§ **Recorded information**:

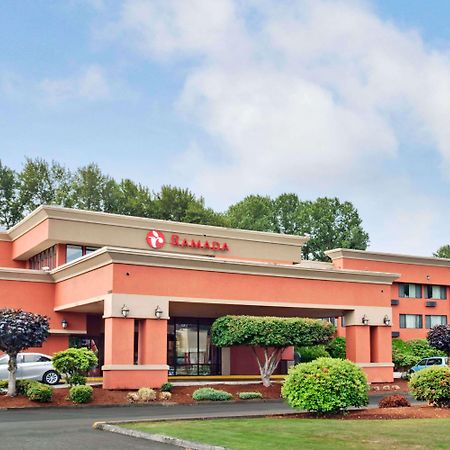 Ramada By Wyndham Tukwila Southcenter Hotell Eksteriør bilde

==

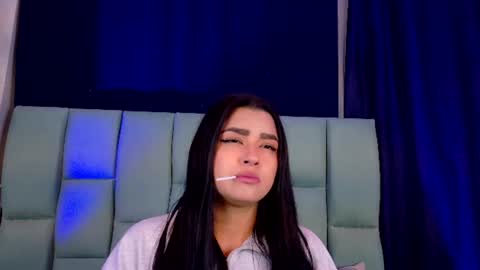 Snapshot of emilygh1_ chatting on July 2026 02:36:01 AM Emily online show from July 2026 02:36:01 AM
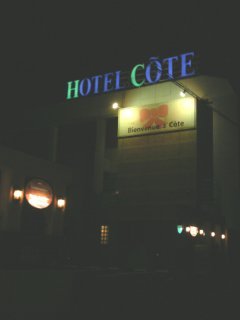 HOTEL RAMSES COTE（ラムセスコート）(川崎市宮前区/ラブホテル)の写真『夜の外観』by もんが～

§ **Task directions**: From the records above, copy only the lines running from the line holding "Snapshot of emilygh1_" through the line holding "HOTEL RAMSES COTE（ラムセスコート）(川崎市宮前区/ラブホテル)の写真『夜の外観』by", with no pictures.

§ **Exercise solution**:
 Snapshot of emilygh1_ chatting on July 2026 02:36:01 AM Emily online show from July 2026 02:36:01 AM
 HOTEL RAMSES COTE（ラムセスコート）(川崎市宮前区/ラブホテル)の写真『夜の外観』by もんが～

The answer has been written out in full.